To evaluate the feasibility of transrectal computed ultrasound tomography (TRCUT) in localization and targeted biopsy for men who have been shown to be negative in the first biopsy guided by two-dimensional transrectal ultrasound (2D TRUS) but continue to have figures suggestive of prostate cancer, so as to minimize with confidence the number of core needle biopsies, especially when the repeat or random required.

Materials and Methods

Sixty-three patients aged 53–78 years (mean, 64.9 years) with suspected prostate cancer were enrolled when a repeat or random biopsy was indicated after at least one prostatic biopsy with negative findings. The 2D TRUS random (sextant) and TRCUT guided shot-biopsies were obtained. Imaging-biopsy consequences were finally compared with the post-operative findings and the histopathologic staging.

Results

TRCUT enabled display of the prostate gland in planes usually not obtainable at conventional 2D TRUS. Transverse and oblique thin cuts of TRCUT were more significant in all patients than other planes. Diagnostic performance of TRCUT imaging on prostate cancer localization for targeted biopsy proved an accuracy of 97.4% (P value = 0.001). TRCUT for bilateral disease detection proved an accuracy of 78.6% compared to the final post-operative pathology. Accuracy for identification of positive tumor margins proved 82.4%. Gleason score on final post-operative pathology was upgraded to 7, compared with a median score of 6 on imaging biopsies.

Conclusion

TRCUT guided target-biopsy of the prostate gland represents a technique with a higher rate of accuracy and can minimize the number of biopsy shots than using 2D TRUS in men who have high PSA levels and negative in the first biopsy procedure.

Keywords

prostate cancer computed ultrasound tomography targeted biopsy

Introduction

Imaging techniques, especially two-dimensional transrectal ultrasound (2D TRUS), introduced by Watanabe and associates¹ in 1971, is the prevalent leading imaging modality for the evaluation of prostatic disease. However, when evaluating a patient for prostate cancer (PCa) by 2D TRUS, the anatomical reference points are restricted by the limited viewing planes guiding the needle to target sites.² Besides; any motion of the physician's hand or the patient during the procedure may diverge targeting of focal lesions.³ Many authors, as well, consider the poor-edge definition of 2D TRUS, is the main for why some focal lesions still missed.^4,5 What is more, some prostate cancers (PCa) are invisible on 2D TRUS,⁶ and these are as important as those visible. These restrictions make it difficult to establish a consistent reference frame by 2D TRUS, which increase number of false-positive or false-negative results. Nevertheless, the use of color and power Doppler techniques, use of microbubble contrast agents and elastography have shown promise in improving the ability to better detect and/or localize prostate cancer.^6–10

Developments in magnetic resonance imaging (MRI) and magnetic resonance spectroscopy (MRS) have as well improved understanding of tumor biology and particularly enabled the detection and characterization of PCa and lymph node metastasis.^11–17 So far, in some studies, patients who underwent radical prostatectomy, the accuracy of combined endorectal MRI/MRS for sextant localization of prostate cancer was equal to that of MRI alone.^18,19 Together, this may be somewhere impractical considering the technical limitations, cost and the availability of these machines.

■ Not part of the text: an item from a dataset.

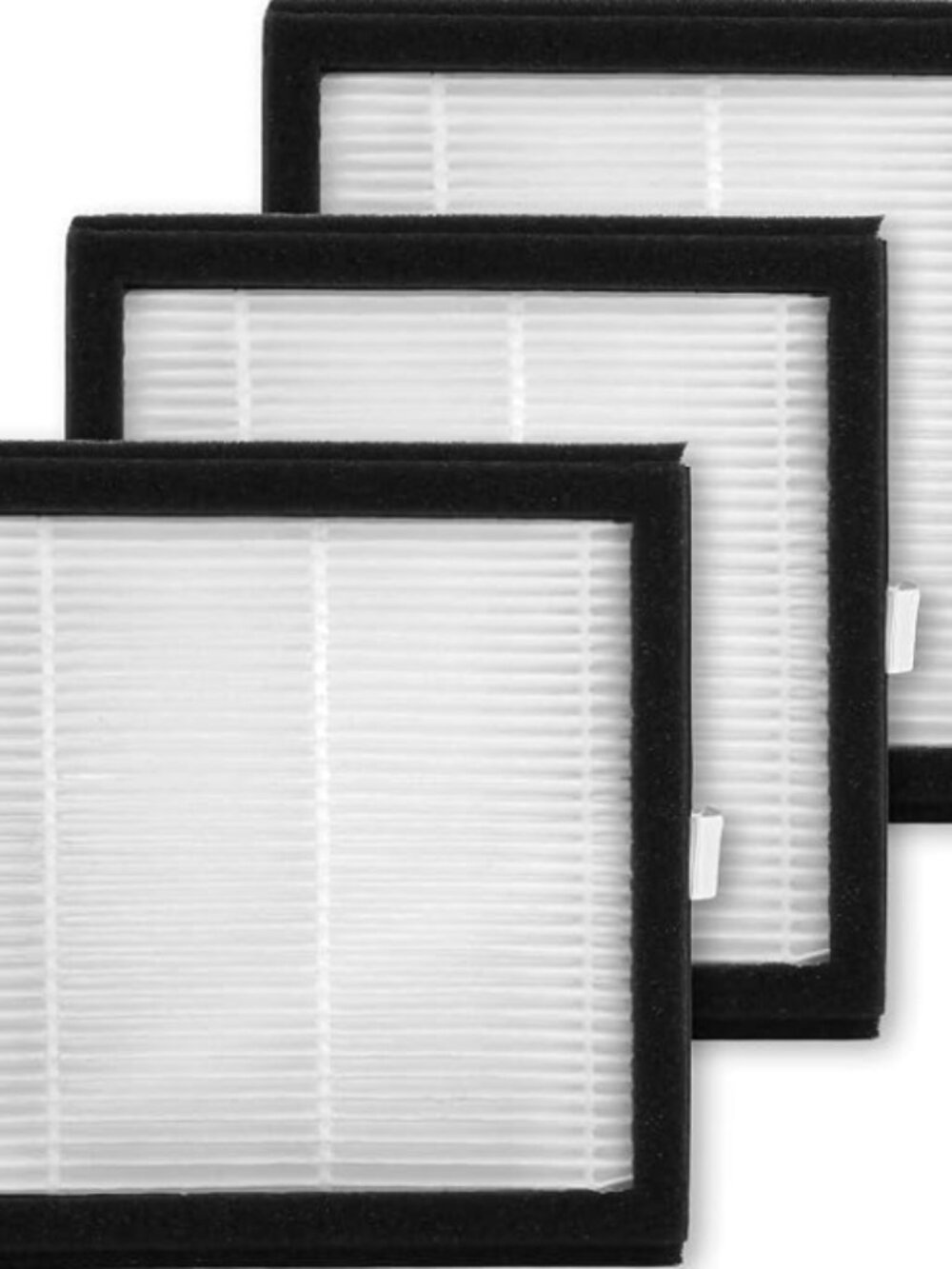 Tenergy 3 Pack Replacement H13 Hepa Filter for Tenergy Sorbi DH02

Cancer tissue can exist anywhere in the prostate and accurate diagnosis of PCa is of importance; hence, improving ultrasound real time display, as an affordable, easy and minimally invasive test, is essential. Reports of the use of endocavitary Three-Dimensional Ultrasound (3D US), were produced, showing improved and promising results in minimizing to some extent the invasiveness of random biopsies.^20–24

Transrectal Three-Dimensional extended Imaging (3D XI) has been recently introduced into the diagnostic imaging field. It is an upgrade of 3D US, based upon the production of Computed Ultrasound Tomography (CUT) of the 3D volume with optical multiresolution sequence instead of grey scale shade. This modality is designed to provide thin (1.0–1.5 mm) contiguous images enlightening the entire prostatic gland in coronal, sagittal, transverse and oblique planes, allowing for extended readability and easy exploration of subtle lesions.

Hence, the purpose of our study was to evaluate the feasibility of transrectal computed ultrasound tomography (TRCUT) in precise localization-guidance for targeted biopsy in patients with high PSA levels and prior negative in the first 2D TRUS guided-biopsy.

Materials and Methods

Patient characteristics

This study was institutional review board approved. Between January 2007 and April 2009; 63 patients (age range, 53–78 years; mean, 64.9 years) were referred to our University Hospital for repeat biopsy. Each patient provided a written informed consent. Patients’ information from their medical records—received from their doctors—was used. The inclusion criteria were dependant mainly upon high serum PSA levels and negative first 2D TRUS guided-biopsy results. Patients enrolled had a mean PSA (11.6 ng/mL); range, 10.1–39.3 ng/mL. Suspicious abnormality on DRE was not essential, because DRE, which helps detect stiffness, is limited anatomically to the posterior gland and cannot help detect lesions confined anteriorly or in the transition zone, where as many as 28% of cancers occur.²⁵ Patients having a positive bone scintigram, or previously undergone androgen therapy or radiation therapy have been excluded from our entry.

Procedures

Imaging was performed using (MEDISON: SONO-ACE–X8) ultrasound machine provided with 3D XI optional software and 5–8 MHz endocavitary probe competent for conventional and volume ultrasound. The machine is networked to a workstation (Sonoview Pro: version 5.05.01). All patients received appropriate antibiotic coverage and had bowel preparation.

The prostate gland was divided into sextants: the apex, middle, and base of the gland, according to Wefer and associates.²⁶ Two biopsy protocols were performed using the 18-gauge needles at the same setting. In conventional 2D TRUS guided biopsy procedure, biopsy was obtained from each zone in a systematic but undirected fashion. After the 2D TRUS sextant biopsies, 3D US volume was acquired for every patient and the volume imaging data were displayed in thin (1.0–1.5 mm) coronal, transverse, sagittal, and oblique planes, exploring the entire prostate gland. Selecting the best plane of images demonstrating and localizing each focal lesion was signified. With the oblique semi-sagittal plane, because it enables the best view for biopsy, guided shot biopsy was taken under live TRCUT. All specimens were signified according to their site.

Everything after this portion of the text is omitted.